For more information about the Medicaid program visit www.medicaid.gov.
Rate Stability Rules
In addition, Oklahoma consumers enjoy additional peace-of-mind as the state has adopted Long-Term Care Insurance Rate Stability Rules. These rules, developed the National Association of Insurance Commissioners, makes it much harder for an insurance company to get an approved rate increase.
Products Approved in Oklahoma
Several products are approved in Oklahoma for Long-Term Care planning. These include traditional plans, including partnership certified policies, short-duration policies, and asset-based “hybrid” policies.
The State of Oklahoma also offers a state tax incentive. It permits the same tax deduction as is allowed for federal income tax purposes.
Reverse Mortgages in Oklahoma
Reverse mortgages are available in Oklahoma. A reverse mortgage is a home equity loan where the borrower does not have to make payments.

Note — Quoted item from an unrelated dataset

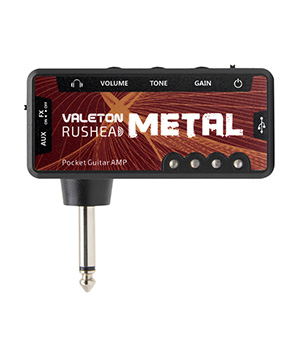 Valeton RUSHEAD Metal Pocket Guitar AMP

This type of mortgage can increase monthly income, eliminate mortgage payments, and even fund Long-Term Care Insurance. However, Oklahoma has many rules on these products, and you should seek the help of a qualified and licensed mortgage broker.
If you have significant equity in your home and you and your spouse are at least 62 years old, you can get a reverse mortgage to turn your equity into funding long-term health care, pay for an LTC Insurance policy, pay bills and add to your retirement lifestyle.
The home must be the principal residence without any tax liens.
Learn more about reverse mortgages by clicking here.
*The federal government sets a new minimum and maximum amounts each year, but states can set their own minimum requirements at any level between the federal limits. This information is based on the best available sources.